As in Eq. (4), for those easy samples ($p_{t}$ close to 1), the scale term $(1-p_{t})^{\gamma }$ down-weights the loss greatly; thus, it leads the model to focus more on hard samples. Through this dynamically scaled loss, the model can avoid the problem of the model being overwhelmed by much more easy samples, so as to include all the anchors for training.

3.3 Focal Loss for RPN

To investigate the application of focal loss to RPN, we re-formulate the loss of RPN with focal loss as:

$$\begin{aligned} L_{RPN-FL}=\frac{\lambda _{fl}}{N_{cls}^{'}}\sum _{i}FL\left( p_{i}^{t}\right) +\frac{1}{N_{reg}^{'}}\sum _{i}I\left( t_{i}^{t}\right) L_{reg}\left( t_{i},t_{i}^{t}\right) \end{aligned}$$

(5)

where we simply the replace the cross entropy loss with focal loss and use all anchors ($\sim 20,000$ per image) for training instead of those sampled. $\lambda _{fl}$ is served as a balancing weight. Note that, in the first term of Eq. (5), we set $N_{cls}^{'}=|p_{i}^{t}{\epsilon }\,object|$, which means the cls loss is normalized with number of object samples in this dense anchor scenario, while in the second term, we set $N_{reg}^{'}=2*|p_{i}^{t}{\epsilon }\,object|$.

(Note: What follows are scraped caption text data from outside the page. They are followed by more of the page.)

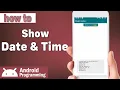 how to show current date and time in android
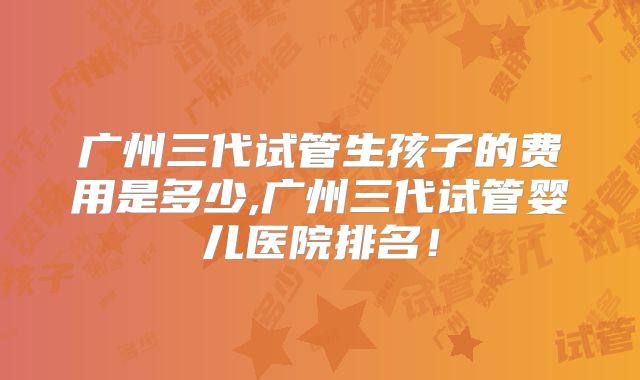 广州三代试管生孩子的费用是多少,广州三代试管婴儿医院排名!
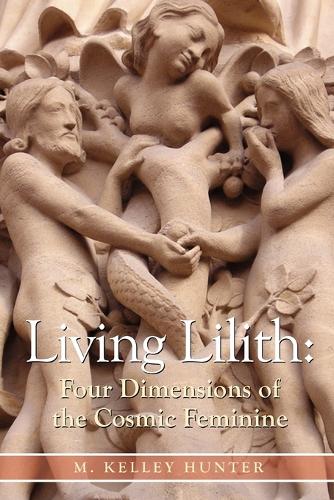 Бумажная книга «Living Lilith: The Four Dimensions of the Cosmic Feminine», автор Келли Хантер - фото №1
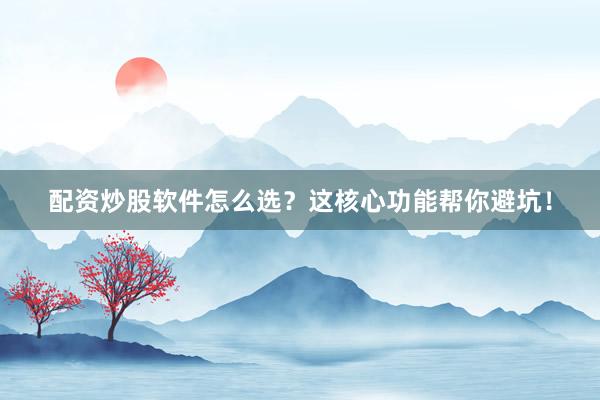 配资炒股软件怎么选？这核心功能帮你避坑！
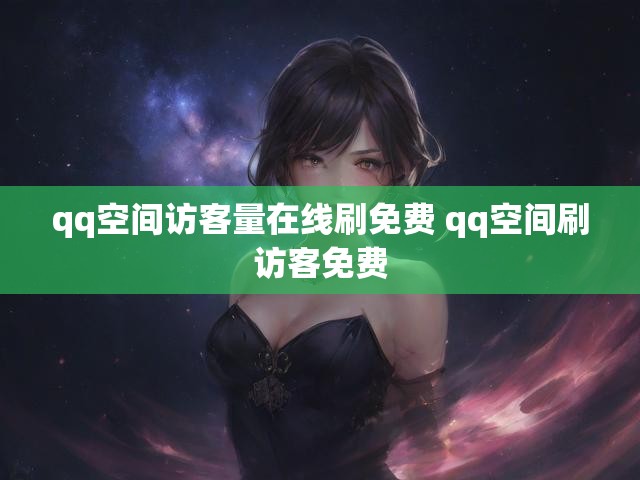 qq空间访客量在线刷免费 qq空间刷访客免费
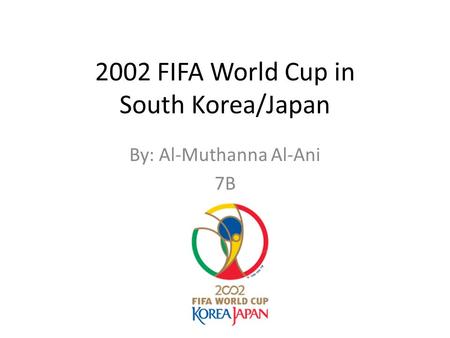2002 FIFA World Cup in South Korea/Japan By: Al-Muthanna Al-Ani 7B.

Figure 1 illustrates our adaptation of focal loss in RPN. In contrast to only training with a part of anchors as previous works [1, 8, 25, 26], all the generated dense anchors are taken for training with our adaptive focal loss. The focal loss equipped RPN is integrated into Faster R-CNN framework [1, 2] in the following form:

$$\begin{aligned} L=L_{RPN-FL}+L_{RCNN} \end{aligned}$$

(6)

where $L_{RCNN}$ includes multi-class cls loss and class-aware reg loss, and we do not modify it so as to verify the effect of focal loss applied in RPN on the whole detection system.

To get the probability $p_{t}$ in Eq. (4), we utilize two output functions, softmax and sigmoid. For output with softmax, we get two scores $\left[ p_{p},p_{n}\right] $ implying object and not-object, respectively, and get $p_{t}=p_{p}$ if the anchor matches with object label, while $p_{t}=p_{n}$ if the anchor matches with not-object label. For output with sigmoid, only one score $p_{s}$ is get and $p_{t}=p_{s}$ for object label, while for not-object label $p_{t}=1-p_{s}$. These two output function will be compared in the following experiments.

Implement Details. This work is based on the public TensorFlow implementation of Faster R-CNN^{Footnote 1}[2], and we follow most of the parameter settings from the original implementation. We use stochastic gradient descent (SGD) for optimization and set momentum as 0.9 and weight decay as 0.0001. The model is trained with one image per iteration following [2], and the only data augmentation strategy is to randomly flip the training images. ImageNet [9] pre-trained VGG16 [21] is used as our base network, and the conv1 and conv2 layers are fixed.

We set the base learning rate as 0.001 for first 50k/350k iteration and decrease by 10 for next 20k/140k for PASCAL VOC 2007/COCO datasets. For the hyper-parameters, we set $\alpha _{t}=0.25,\gamma =2$ and $\lambda _{fl}=0.1$ by default, and they will be evaluated in the following experiments.

4 Experiments

We evaluate our model on PASCAL VOC 2007 [24] and COCO [10] detection benchmarks and follow the standard data splits. Average precision (AP) is reported following the literature. An image scale of 600 pixels is applied for both training and test [1, 2]. Note that, for fair comparison, we only modify the loss function and do not include any additional parameters in all our experiments, except the model of sigmoid output contains less parameters, where we reduce the output from two to one.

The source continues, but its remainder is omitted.